Parsing of manifest.json as well as better yaml parsing support / alias support

z3z1ma commented 3 years ago

Picking up the ball where fernandobrito left off. I have a major enhancement (one of two in the works). Lots of cleaned up code, bug fixes from the other fork, personally tested on my own production replicates and internally at my company, etc. There may be some more changes/commits I add (to readme mostly) but I just wanted to post it to get your eyes and awareness. The other PR will involve auto documenting all exposures revealed in metabase through questions / dashboards and constructing a YML that allows us to sync a DAG with metabase fully including click throughs from dbt docs exposures directly to dashboards.

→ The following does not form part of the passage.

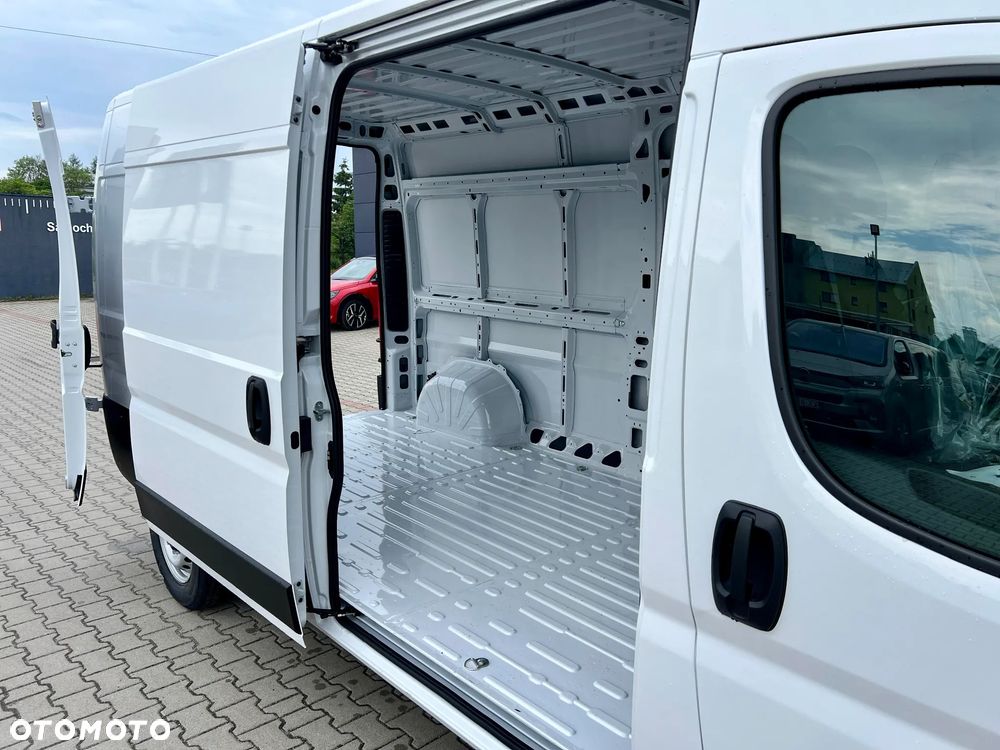 Peugeot Boxer Furgon L3H2 3.5T Heavy Diesel 2.2 140 KM - 14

fernandobrito commented 3 years ago

Hi @z3z1ma, great that you picked up the work of merging my branch, thanks! I was away for a month on vacation and now that I'm back there are so many other priorities in my company that I'm not sure when I would be able to come back to my contribution here. Let me know if you or @gouline have any questions on any of the code that I wrote.

fernandobrito commented 3 years ago

On a side note, I'm very curious about your next PR where you mention "involve auto documenting all exposures revealed in metabase". Over the next 2 weeks, I will open-source an internal Python project from my company on doing exactly the same, but for Tableau dashboards. I use the Tableau Metadata API to extract custom SQL and dependencies from reports to tables in the database, then I read all dbt models and sources from the manifest.json and try to match Tableau dashboards to dbt models/sources. After that, I write those dependencies back in the manifest.json as exposures.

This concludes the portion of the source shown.